**REQUIRED ACTION:** Please restate word for word each line from the one containing "The procedure for" to the last line of the records below, and drop the pictures.

*** Opening of GIVEN ENTRIES ***

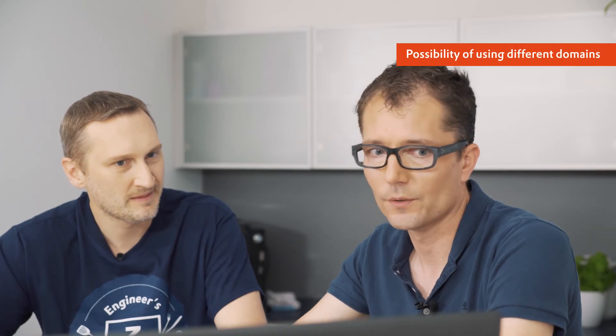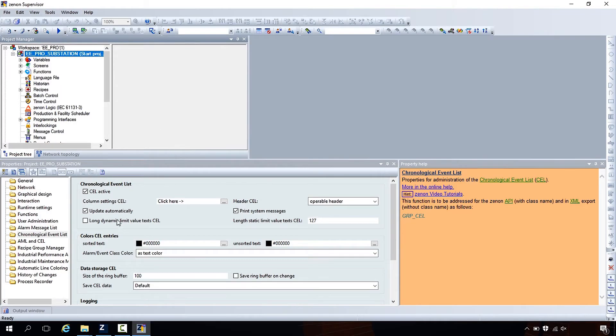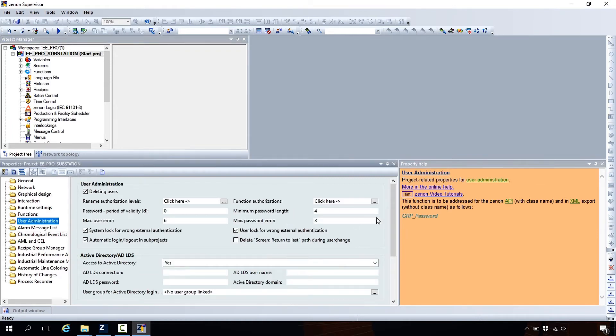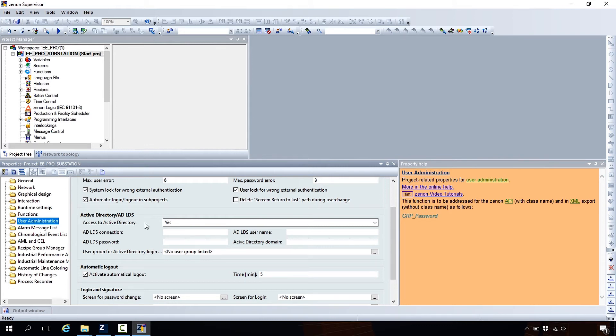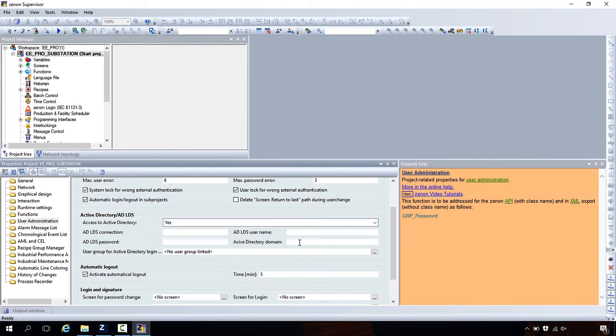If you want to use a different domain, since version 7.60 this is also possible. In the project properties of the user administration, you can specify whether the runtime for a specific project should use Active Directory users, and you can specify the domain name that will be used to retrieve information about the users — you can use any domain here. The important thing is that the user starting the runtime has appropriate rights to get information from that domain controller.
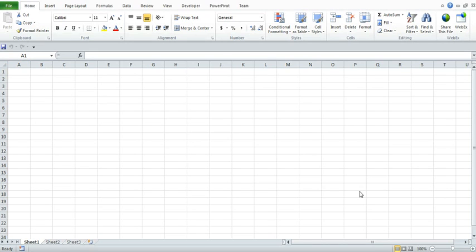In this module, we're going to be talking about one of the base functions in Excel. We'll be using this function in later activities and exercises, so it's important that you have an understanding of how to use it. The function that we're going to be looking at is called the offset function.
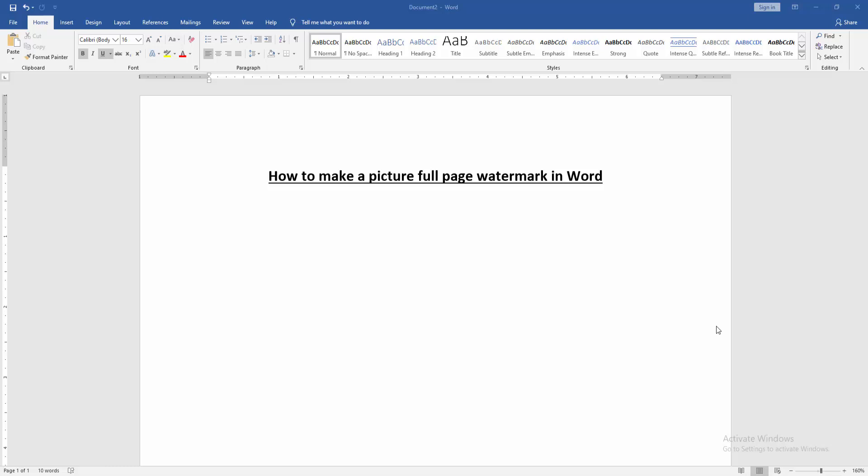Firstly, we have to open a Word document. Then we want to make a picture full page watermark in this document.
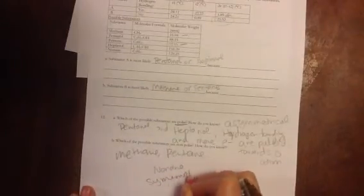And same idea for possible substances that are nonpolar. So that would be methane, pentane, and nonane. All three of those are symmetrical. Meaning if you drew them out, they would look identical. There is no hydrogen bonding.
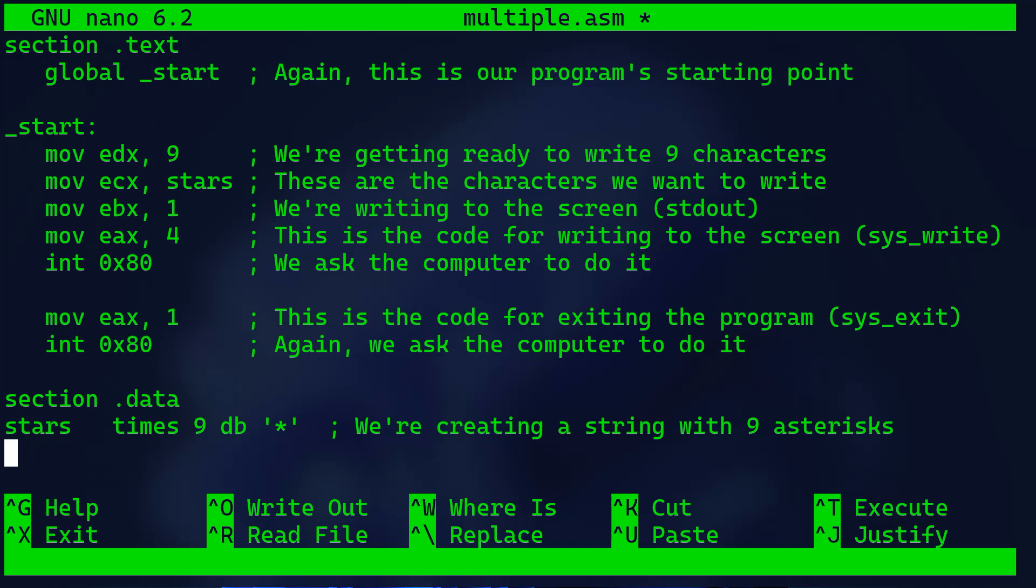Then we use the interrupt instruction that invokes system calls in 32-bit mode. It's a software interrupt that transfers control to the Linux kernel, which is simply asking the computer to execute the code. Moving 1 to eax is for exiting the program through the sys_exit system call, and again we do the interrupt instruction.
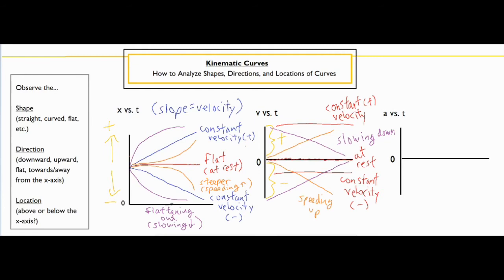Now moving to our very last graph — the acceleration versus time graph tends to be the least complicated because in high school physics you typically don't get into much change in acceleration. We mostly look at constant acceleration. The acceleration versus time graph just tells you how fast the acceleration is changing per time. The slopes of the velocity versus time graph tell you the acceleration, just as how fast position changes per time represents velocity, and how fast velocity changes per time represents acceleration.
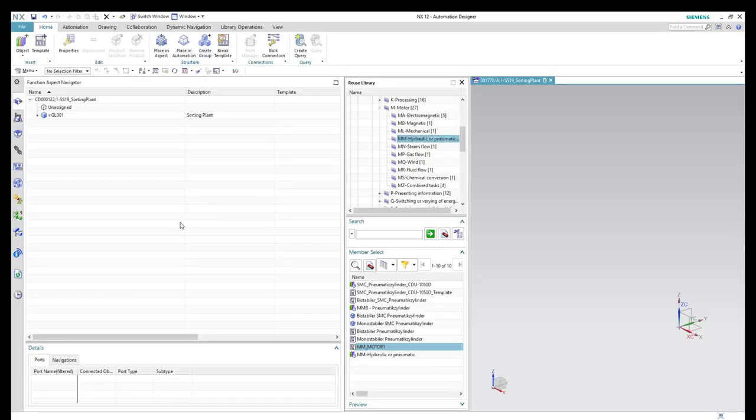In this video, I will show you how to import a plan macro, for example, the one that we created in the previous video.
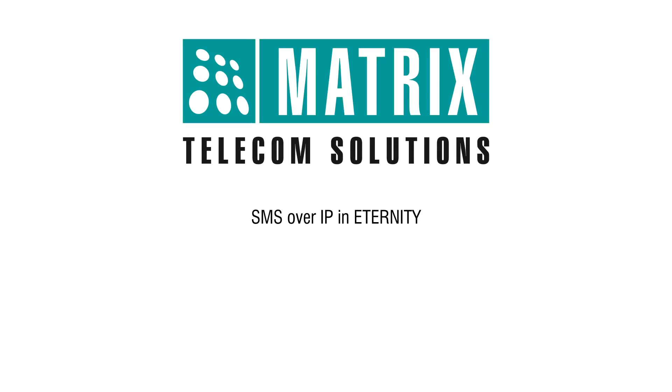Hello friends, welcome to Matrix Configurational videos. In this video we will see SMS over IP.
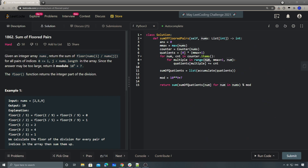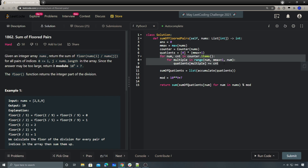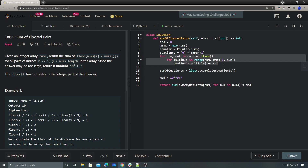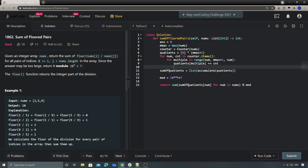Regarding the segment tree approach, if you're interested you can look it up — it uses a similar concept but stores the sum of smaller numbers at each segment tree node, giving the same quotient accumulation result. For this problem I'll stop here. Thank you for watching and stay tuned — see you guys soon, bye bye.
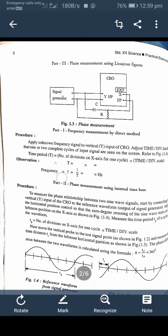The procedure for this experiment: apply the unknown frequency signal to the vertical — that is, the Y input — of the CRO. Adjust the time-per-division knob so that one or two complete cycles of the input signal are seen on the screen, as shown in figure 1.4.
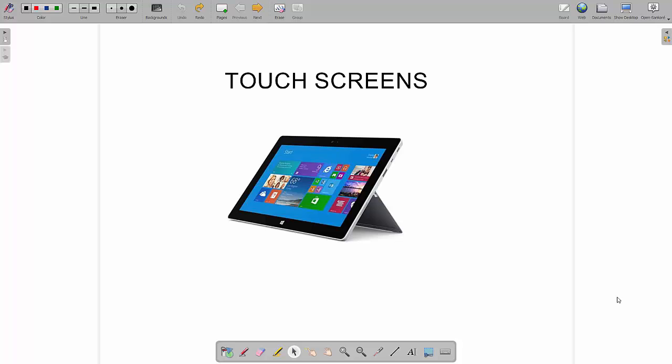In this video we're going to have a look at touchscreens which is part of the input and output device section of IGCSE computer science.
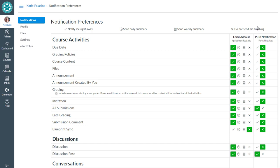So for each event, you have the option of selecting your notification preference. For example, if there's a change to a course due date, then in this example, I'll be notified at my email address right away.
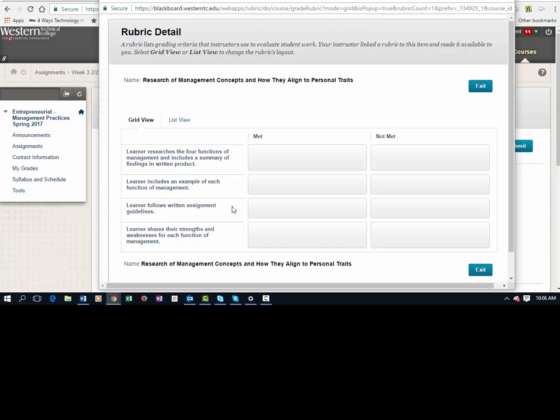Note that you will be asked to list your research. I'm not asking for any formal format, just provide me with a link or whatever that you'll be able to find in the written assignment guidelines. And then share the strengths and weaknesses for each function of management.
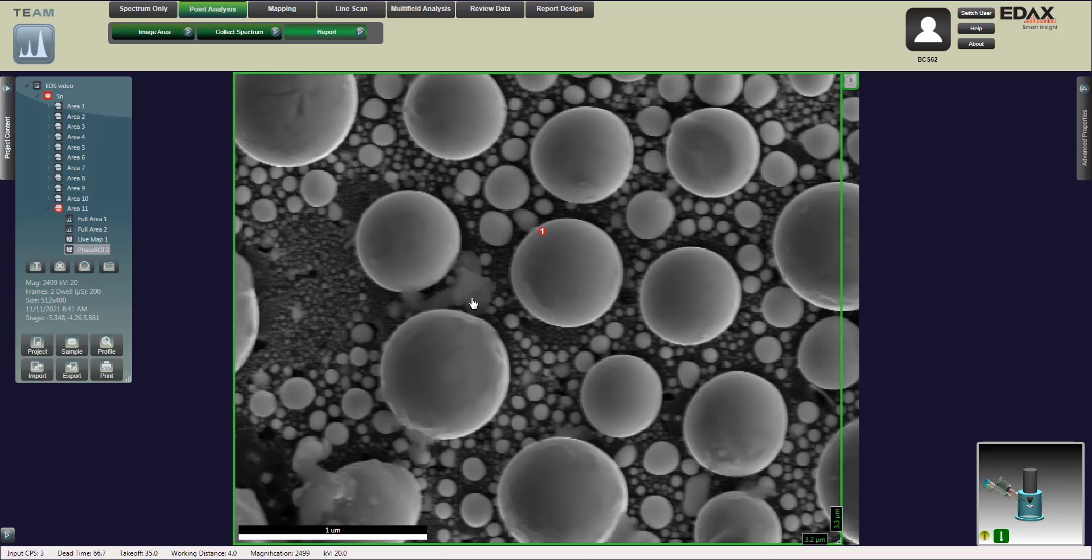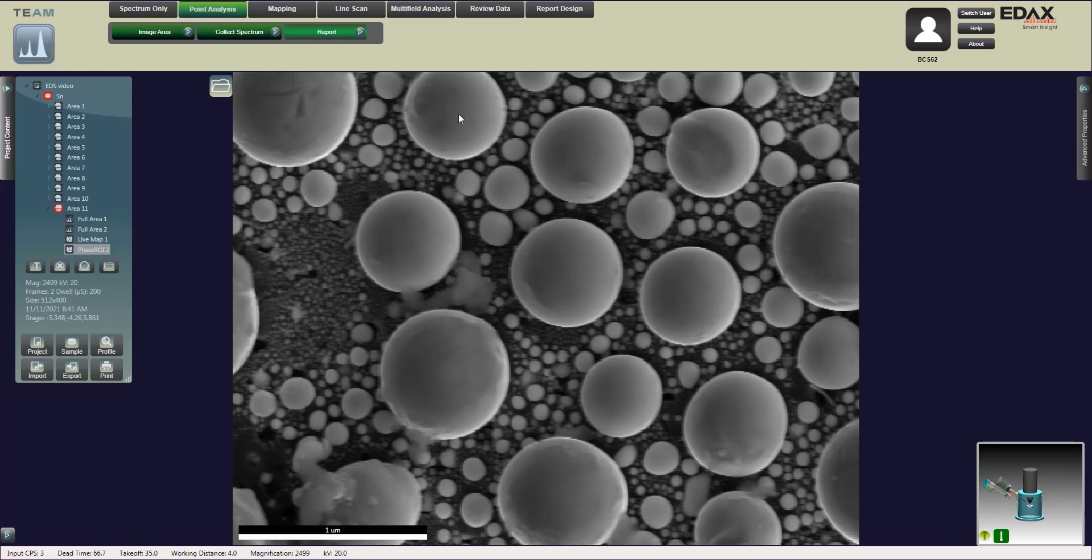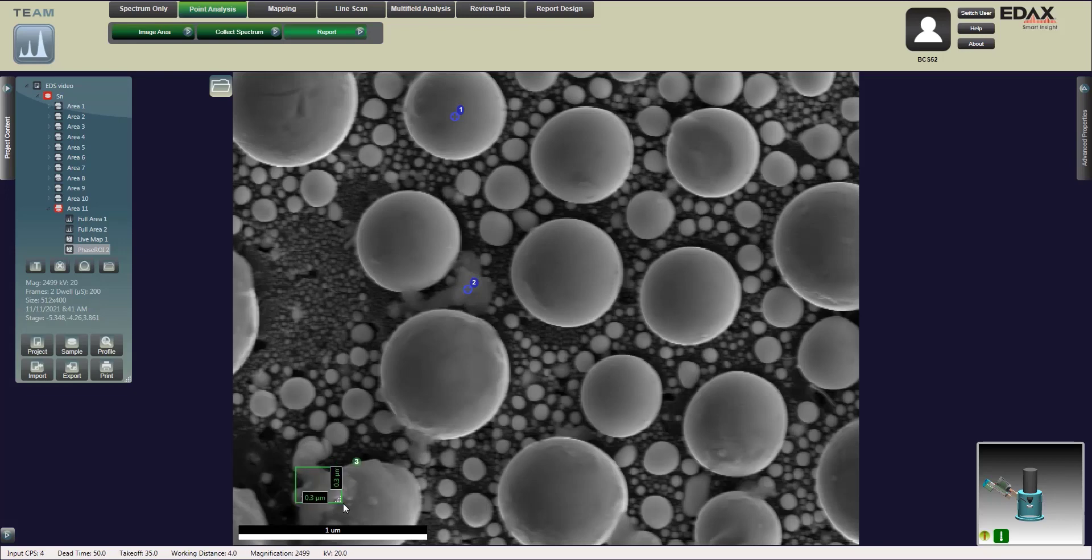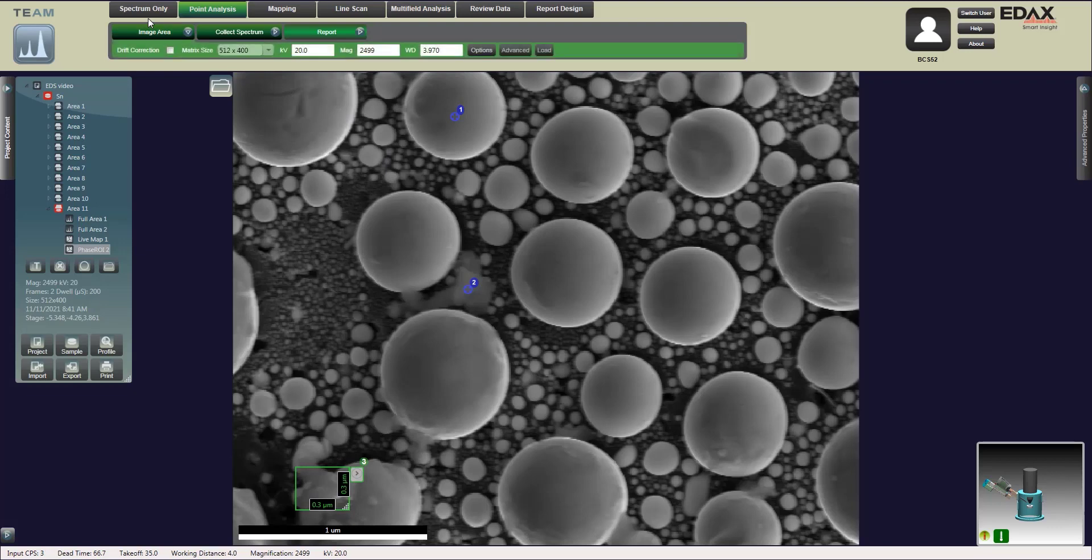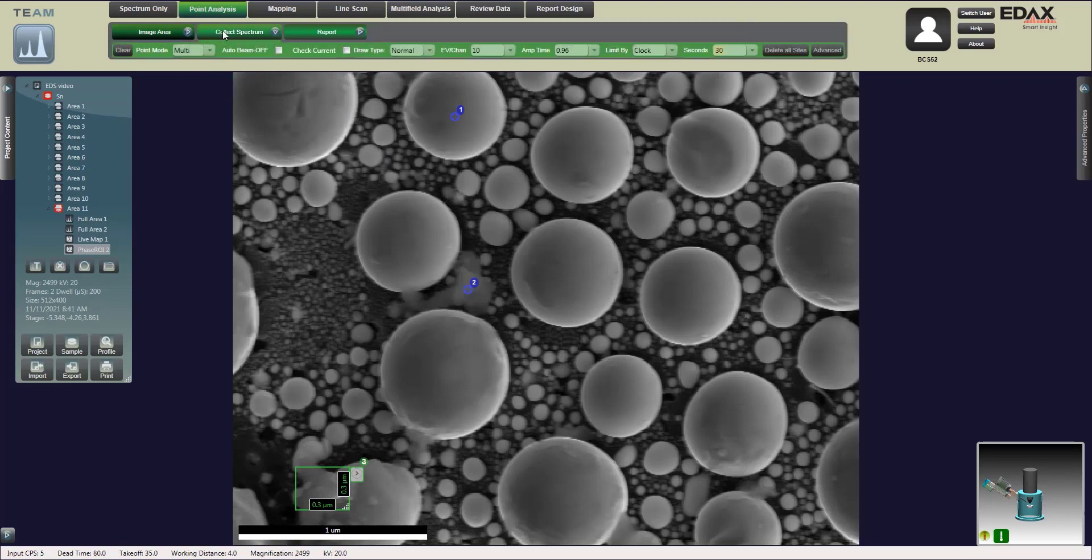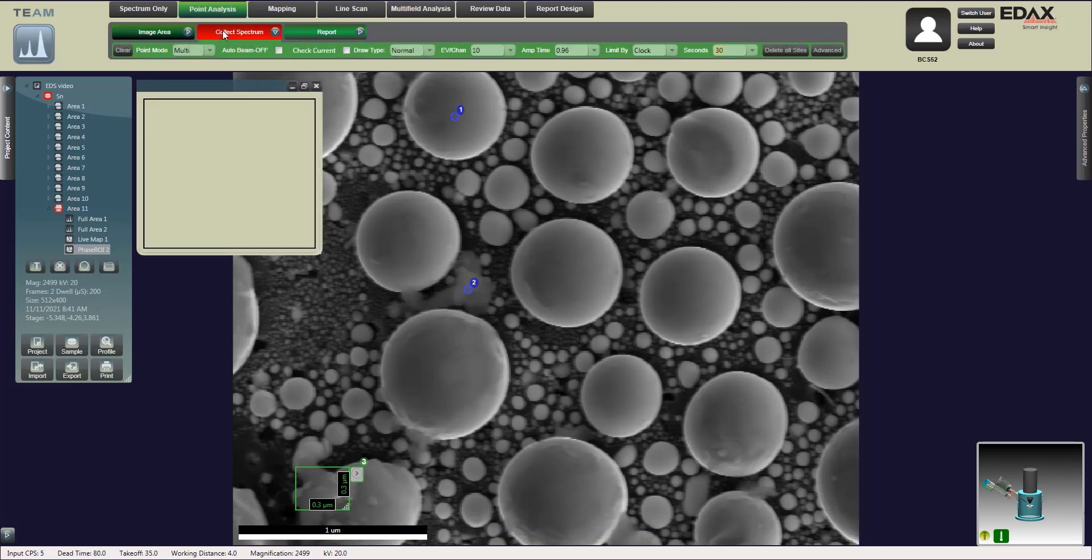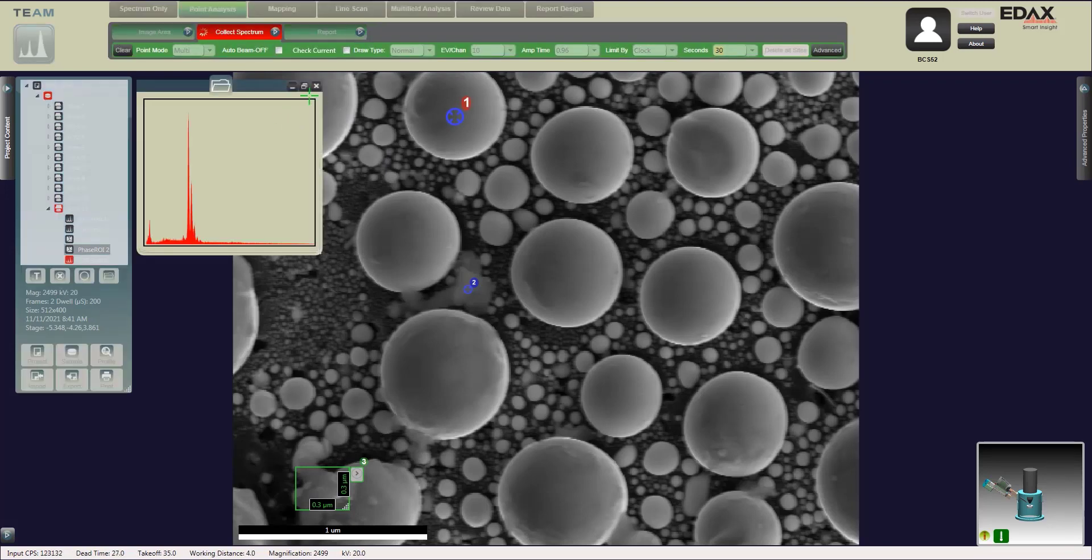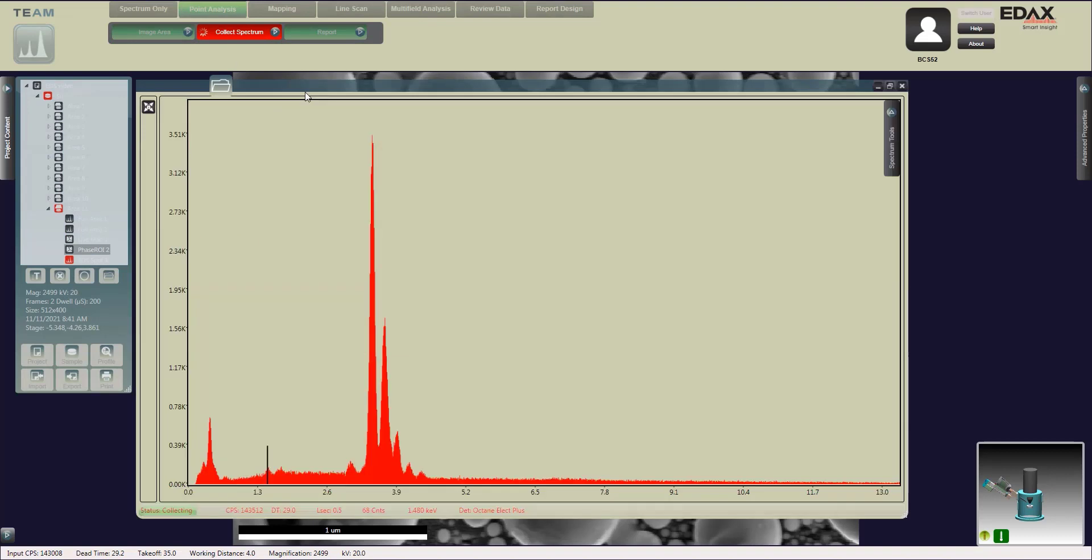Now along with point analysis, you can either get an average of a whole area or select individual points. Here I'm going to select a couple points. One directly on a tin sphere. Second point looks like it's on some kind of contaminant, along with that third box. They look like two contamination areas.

*** Close of GIVEN ENTRIES ***

**ANSWER AREA:**
The procedure for this experiment: apply the unknown frequency signal to the vertical — that is, the Y input — of the CRO. Adjust the time-per-division knob so that one or two complete cycles of the input signal are seen on the screen, as shown in figure 1.4.
In this video we're going to have a look at touchscreens which is part of the input and output device section of IGCSE computer science.
So for each event, you have the option of selecting your notification preference. For example, if there's a change to a course due date, then in this example, I'll be notified at my email address right away.
Note that you will be asked to list your research. I'm not asking for any formal format, just provide me with a link or whatever that you'll be able to find in the written assignment guidelines. And then share the strengths and weaknesses for each function of management.
Now along with point analysis, you can either get an average of a whole area or select individual points. Here I'm going to select a couple points. One directly on a tin sphere. Second point looks like it's on some kind of contaminant, along with that third box. They look like two contamination areas.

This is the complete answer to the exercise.